[Dataset extract Boundary: Start]
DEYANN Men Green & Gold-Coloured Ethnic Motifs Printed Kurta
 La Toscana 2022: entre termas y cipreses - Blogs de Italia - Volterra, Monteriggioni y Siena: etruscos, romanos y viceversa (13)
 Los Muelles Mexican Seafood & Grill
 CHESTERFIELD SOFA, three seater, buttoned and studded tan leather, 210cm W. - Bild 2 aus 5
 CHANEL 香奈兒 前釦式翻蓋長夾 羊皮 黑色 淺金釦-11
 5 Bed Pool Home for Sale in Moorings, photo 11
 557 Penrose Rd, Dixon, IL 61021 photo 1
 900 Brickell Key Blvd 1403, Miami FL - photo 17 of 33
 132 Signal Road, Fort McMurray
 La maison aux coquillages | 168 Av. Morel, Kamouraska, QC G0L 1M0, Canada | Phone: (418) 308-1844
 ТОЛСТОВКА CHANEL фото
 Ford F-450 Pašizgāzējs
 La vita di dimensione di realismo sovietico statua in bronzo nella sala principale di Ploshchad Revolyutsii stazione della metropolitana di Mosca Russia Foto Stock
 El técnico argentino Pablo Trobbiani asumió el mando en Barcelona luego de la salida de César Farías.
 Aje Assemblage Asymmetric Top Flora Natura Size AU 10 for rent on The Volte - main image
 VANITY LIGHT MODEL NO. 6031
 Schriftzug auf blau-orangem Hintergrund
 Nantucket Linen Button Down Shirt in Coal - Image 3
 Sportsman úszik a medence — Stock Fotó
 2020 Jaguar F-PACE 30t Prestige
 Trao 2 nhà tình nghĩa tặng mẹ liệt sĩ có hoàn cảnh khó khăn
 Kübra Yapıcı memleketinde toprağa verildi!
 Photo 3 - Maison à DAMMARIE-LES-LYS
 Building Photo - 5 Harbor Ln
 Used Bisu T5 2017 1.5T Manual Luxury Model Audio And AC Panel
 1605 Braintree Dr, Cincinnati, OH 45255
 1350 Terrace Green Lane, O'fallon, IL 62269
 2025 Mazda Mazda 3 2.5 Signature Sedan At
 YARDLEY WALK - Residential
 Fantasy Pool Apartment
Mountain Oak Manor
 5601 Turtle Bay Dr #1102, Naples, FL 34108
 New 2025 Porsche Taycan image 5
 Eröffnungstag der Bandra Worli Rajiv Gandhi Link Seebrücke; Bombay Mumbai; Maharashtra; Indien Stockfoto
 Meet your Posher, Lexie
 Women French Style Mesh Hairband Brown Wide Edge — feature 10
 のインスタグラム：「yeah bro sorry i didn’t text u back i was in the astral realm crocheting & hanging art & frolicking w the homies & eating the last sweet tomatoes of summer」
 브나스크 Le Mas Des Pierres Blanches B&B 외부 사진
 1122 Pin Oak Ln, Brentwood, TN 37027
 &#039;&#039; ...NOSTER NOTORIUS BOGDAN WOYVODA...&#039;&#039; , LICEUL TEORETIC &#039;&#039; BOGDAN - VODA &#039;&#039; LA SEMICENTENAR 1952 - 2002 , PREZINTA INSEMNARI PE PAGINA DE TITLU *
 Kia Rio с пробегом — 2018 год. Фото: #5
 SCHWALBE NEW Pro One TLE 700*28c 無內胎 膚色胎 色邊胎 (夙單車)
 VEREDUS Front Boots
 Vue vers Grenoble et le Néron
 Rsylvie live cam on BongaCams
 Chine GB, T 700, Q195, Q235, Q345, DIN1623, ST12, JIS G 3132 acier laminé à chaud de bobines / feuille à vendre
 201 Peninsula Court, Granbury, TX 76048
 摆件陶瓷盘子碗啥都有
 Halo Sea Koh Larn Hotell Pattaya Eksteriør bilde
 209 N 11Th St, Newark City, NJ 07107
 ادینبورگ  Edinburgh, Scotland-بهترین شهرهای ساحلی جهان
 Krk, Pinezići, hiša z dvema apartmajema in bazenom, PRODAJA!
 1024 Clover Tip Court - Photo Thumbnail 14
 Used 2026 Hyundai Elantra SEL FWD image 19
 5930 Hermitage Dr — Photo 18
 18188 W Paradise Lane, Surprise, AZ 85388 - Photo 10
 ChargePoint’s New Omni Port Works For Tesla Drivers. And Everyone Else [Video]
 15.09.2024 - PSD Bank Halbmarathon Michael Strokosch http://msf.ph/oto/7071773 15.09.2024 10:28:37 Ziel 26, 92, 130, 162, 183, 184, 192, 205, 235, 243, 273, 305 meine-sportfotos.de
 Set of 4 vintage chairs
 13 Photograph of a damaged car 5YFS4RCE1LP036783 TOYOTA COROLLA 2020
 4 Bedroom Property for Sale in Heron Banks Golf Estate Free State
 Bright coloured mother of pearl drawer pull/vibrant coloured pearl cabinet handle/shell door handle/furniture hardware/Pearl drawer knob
[Dataset extract Boundary: End]
Your task » In the lines above, find the word "Sale" and copy every line it occurs in.

Task solution »
 5 Bed Pool Home for Sale in Moorings, photo 11
 4 Bedroom Property for Sale in Heron Banks Golf Estate Free State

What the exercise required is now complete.